Short text fragments from websites:
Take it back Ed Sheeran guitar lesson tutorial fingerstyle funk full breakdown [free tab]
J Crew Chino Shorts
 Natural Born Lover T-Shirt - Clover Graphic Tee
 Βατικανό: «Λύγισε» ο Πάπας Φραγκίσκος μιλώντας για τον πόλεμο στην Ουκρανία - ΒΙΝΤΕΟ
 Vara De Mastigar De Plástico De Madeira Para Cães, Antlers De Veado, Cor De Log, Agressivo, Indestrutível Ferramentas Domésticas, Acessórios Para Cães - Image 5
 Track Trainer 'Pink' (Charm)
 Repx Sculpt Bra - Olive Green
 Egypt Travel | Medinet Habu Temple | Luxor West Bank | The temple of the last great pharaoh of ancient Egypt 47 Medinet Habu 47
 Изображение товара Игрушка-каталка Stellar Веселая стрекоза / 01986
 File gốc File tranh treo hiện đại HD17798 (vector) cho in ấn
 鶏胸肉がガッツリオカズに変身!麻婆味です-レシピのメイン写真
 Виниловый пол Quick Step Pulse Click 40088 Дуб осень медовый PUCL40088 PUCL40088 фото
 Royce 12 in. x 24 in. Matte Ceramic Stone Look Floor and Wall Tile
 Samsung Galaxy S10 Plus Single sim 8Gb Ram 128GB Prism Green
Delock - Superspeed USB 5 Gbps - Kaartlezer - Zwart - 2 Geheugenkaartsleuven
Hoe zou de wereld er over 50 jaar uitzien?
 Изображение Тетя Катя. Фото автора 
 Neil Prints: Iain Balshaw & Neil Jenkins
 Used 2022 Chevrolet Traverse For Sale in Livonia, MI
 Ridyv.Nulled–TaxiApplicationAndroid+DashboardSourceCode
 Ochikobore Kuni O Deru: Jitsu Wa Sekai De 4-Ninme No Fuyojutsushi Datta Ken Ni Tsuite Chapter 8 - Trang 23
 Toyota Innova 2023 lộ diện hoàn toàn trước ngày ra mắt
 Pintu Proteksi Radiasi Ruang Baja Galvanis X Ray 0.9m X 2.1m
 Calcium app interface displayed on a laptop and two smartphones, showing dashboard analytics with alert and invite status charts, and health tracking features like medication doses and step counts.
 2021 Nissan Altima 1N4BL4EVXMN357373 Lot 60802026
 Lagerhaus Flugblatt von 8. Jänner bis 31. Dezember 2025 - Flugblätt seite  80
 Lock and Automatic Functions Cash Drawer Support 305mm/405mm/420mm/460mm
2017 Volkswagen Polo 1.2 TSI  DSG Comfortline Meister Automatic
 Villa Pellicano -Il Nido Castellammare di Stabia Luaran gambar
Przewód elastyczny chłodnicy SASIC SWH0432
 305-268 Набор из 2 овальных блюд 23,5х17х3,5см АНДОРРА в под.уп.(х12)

WHAT IS EXPECTED:
Give back exactly the lines above, from the line containing "Ochikobore Kuni O" through the line containing "Lock and Automatic", with both end lines and nothing more.

ANSWER TO THIS PROBLEM:
 Ochikobore Kuni O Deru: Jitsu Wa Sekai De 4-Ninme No Fuyojutsushi Datta Ken Ni Tsuite Chapter 8 - Trang 23
 Toyota Innova 2023 lộ diện hoàn toàn trước ngày ra mắt
 Pintu Proteksi Radiasi Ruang Baja Galvanis X Ray 0.9m X 2.1m
 Calcium app interface displayed on a laptop and two smartphones, showing dashboard analytics with alert and invite status charts, and health tracking features like medication doses and step counts.
 2021 Nissan Altima 1N4BL4EVXMN357373 Lot 60802026
 Lagerhaus Flugblatt von 8. Jänner bis 31. Dezember 2025 - Flugblätt seite  80
 Lock and Automatic Functions Cash Drawer Support 305mm/405mm/420mm/460mm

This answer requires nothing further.